An improved office building cooling load prediction model based on multivariable linear regression

• Published in: Energy and buildings Vol. 107; pp. 445 - 455
• Main Authors: Qiang, Guo, Zhe, Tian, Yan, Ding, Neng, Zhu
• Format: Journal Article
• Language: English
• Published: Elsevier B.V 15.11.2015
• Subjects: Cooling load prediction; Cumulative effect of high temperature; Dynamic two-step correction; Multivariable linear regression; Principal component analysis; Dynamic two-step correction; Cooling load prediction; Cumulative effect of high temperature; Multivariable linear regression; Principal component analysis
• ISSN: 0378-7788
• DOI: 10.1016/j.enbuild.2015.08.041

•The multicollinearity among traditional input variables of cooling load predictions is proven.•PCA is applicable to avoid multicollinearity and improve prediction accuracy.•Including CEHT as an input variable is an effective way to improve prediction accuracy.•Dynamic two-step correction is proposed and is proven to be an effective way to improve prediction accuracy.•Dynamic model building is proven to be an effective measure to improve prediction accuracy.
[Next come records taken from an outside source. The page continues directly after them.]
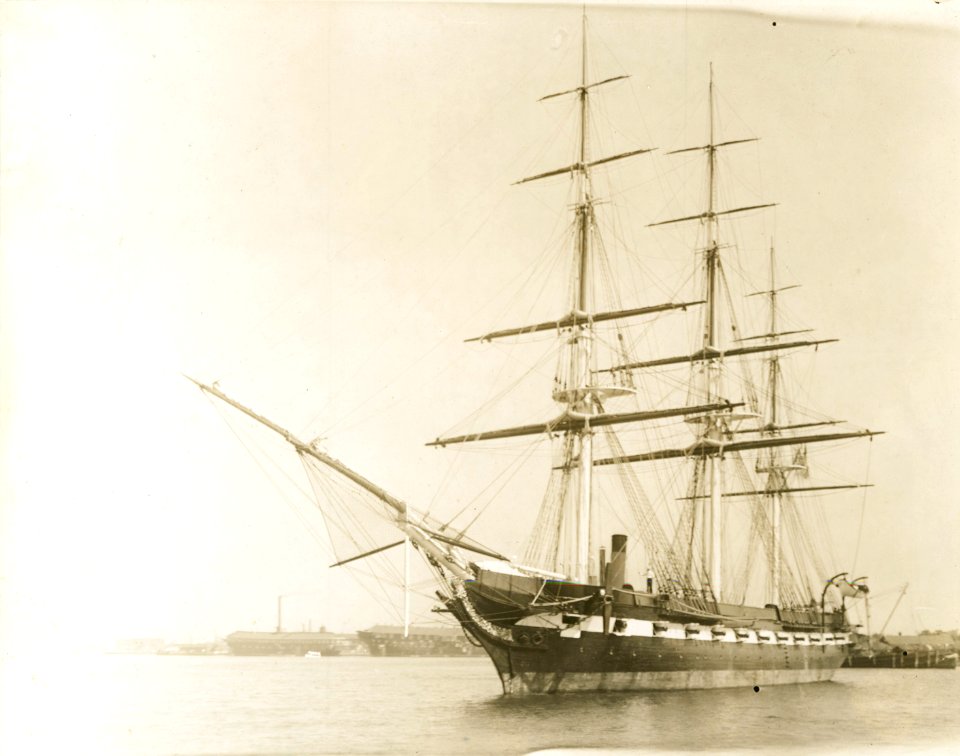 USS Constitution - NARA 512913 (19-LC-20 A) - CR11164
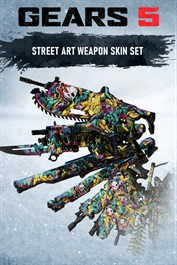 Street Art Full Weapon Set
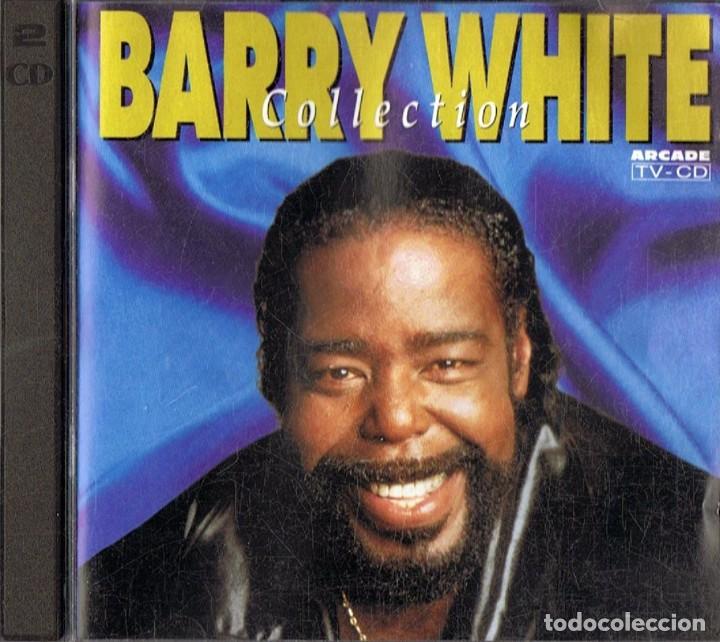 CDs de m&uacute;sica: BARRY WHITE COLLECTION ( 2 CD&acute;S) - Foto 1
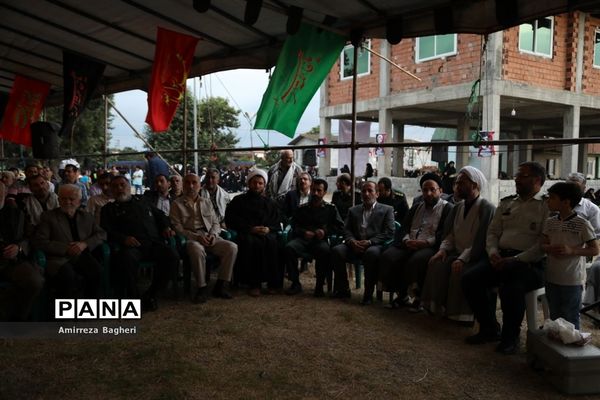 بزرگداشت امام زاده محمدطاهر(ع) روستای مطهر آمل  و ۱۰ شهید در جوار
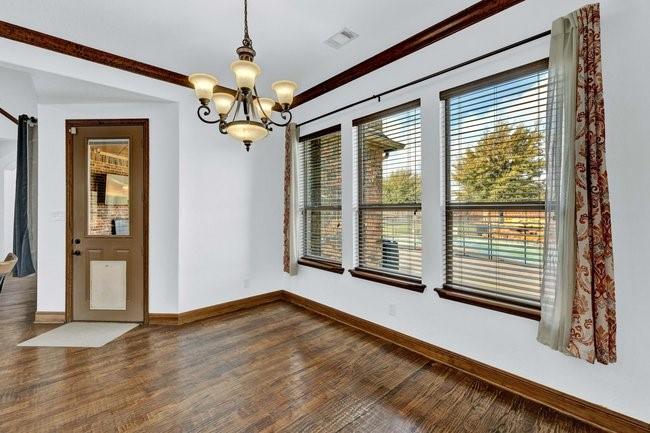 12901 Smokey Ranch Drive Fort Worth, TX 76052 - Photo 15 of 40 a view of an empty room with a window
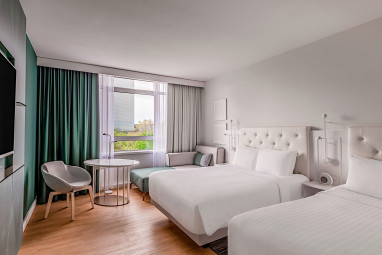 München Marriott Hotel: Room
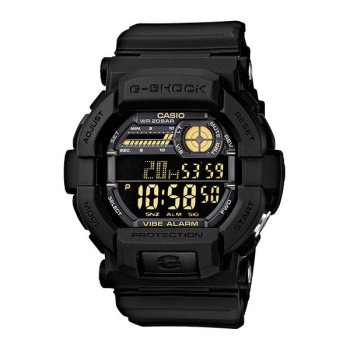 Casio Vibration Watch- Black+Yellow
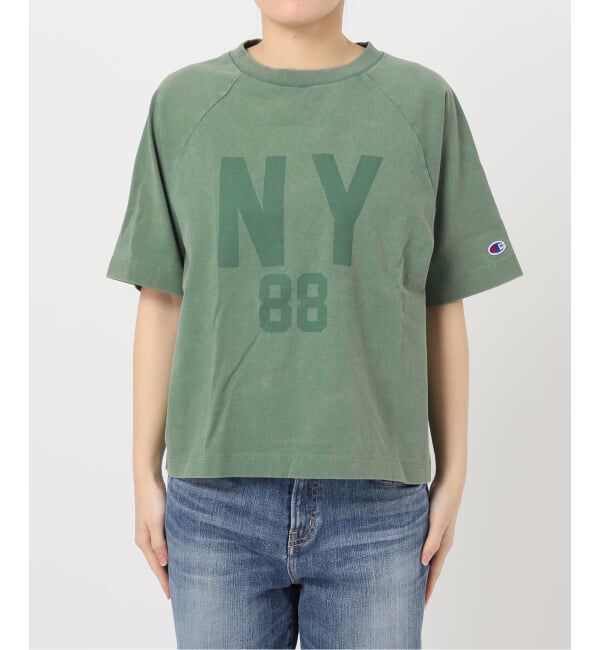 Spick and Span「《一部店舗+WEB限定予約》Champion/チャンピオン SHORT SLEEVE T-SHIRT」|Tシャツ・カットソー|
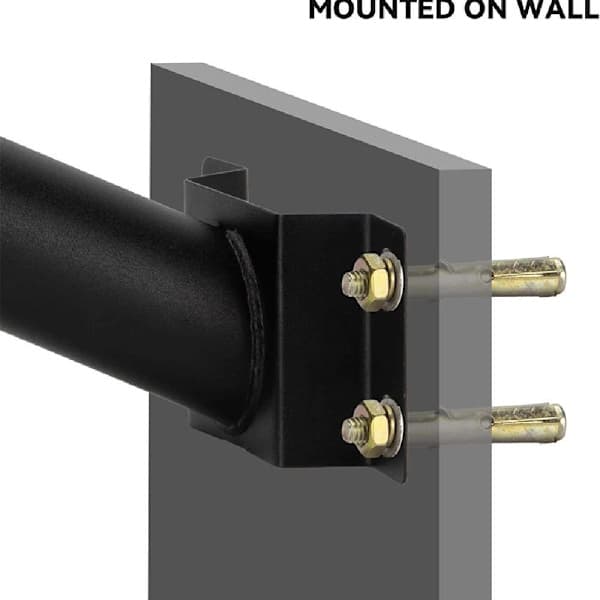 Lysstolpebrakett Solar Lighting Bracket LED-monteringsbrakett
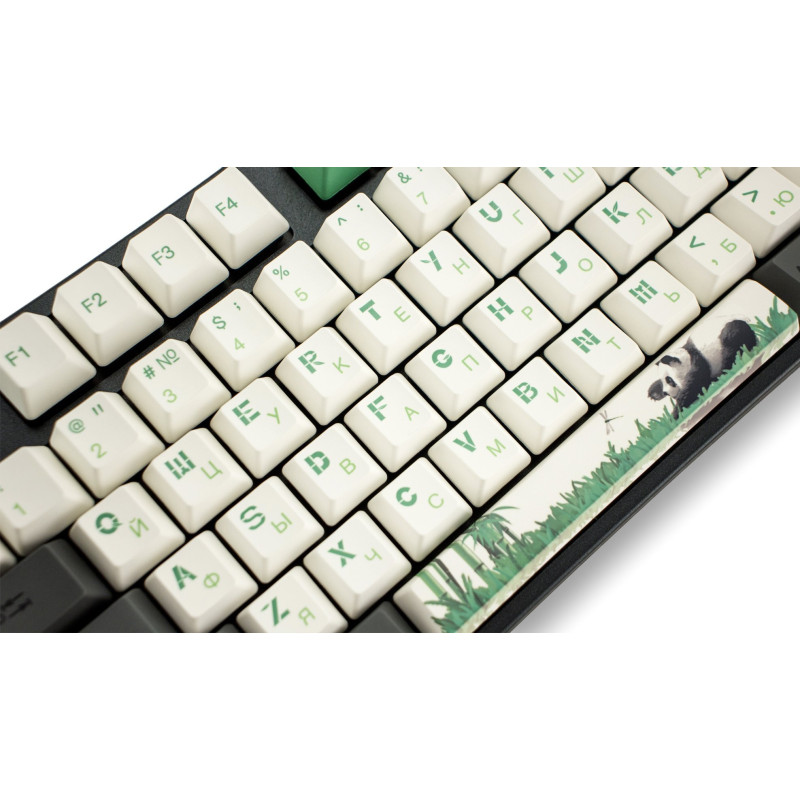 Клавіатура Varmilo APT108 Panda R2 C-TK Red Wireless White Led UA (A93A029D4A5A17A007)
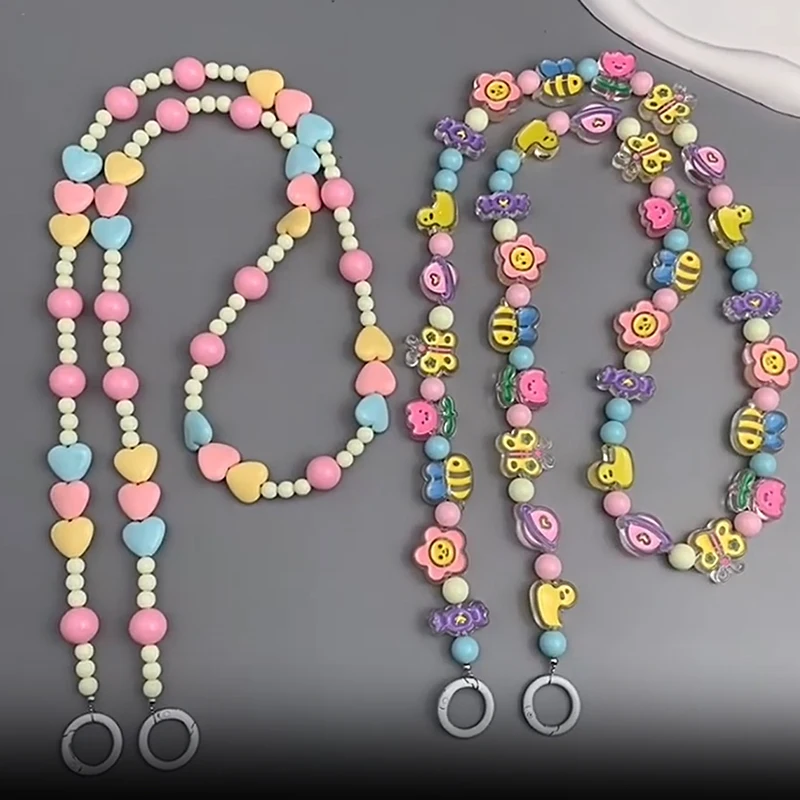 Mobile Phone Anti-lost Lanyard Cross Body Color Bead Chain Long Neck Rope Bag Strap Doll Hanging Strap Chain
Mobile Phone Anti-lost Lanyard Cross Body Color Bead Chain Long Neck Rope Bag Strap Doll Hanging Strap Chain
The cooling load prediction of heating, ventilating and air-conditioning (HVAC) systems in office buildings is fundamental work for optimizing the operation of HVAC systems. In this paper, an improved multivariable linear regression model is proposed to predict the daily mean cooling load of office buildings in which three main measures, including the principal component analysis (PCA) of meteorological factors, cumulative effect of high temperature (CEHT) and dynamic two-step correction, are used to improve prediction accuracy. The site measured cooling load of two office buildings in Tianjin is used to validate the model and evaluate the prediction accuracy. Meanwhile, four contrast models with one or two of the three measures are also built. A comparison among the models proves that a combination of the three measures could effectively improve the prediction accuracy. The predicted load of the proposed model has acceptable agreement with actual load, where the mean absolute relative error is less than 8%.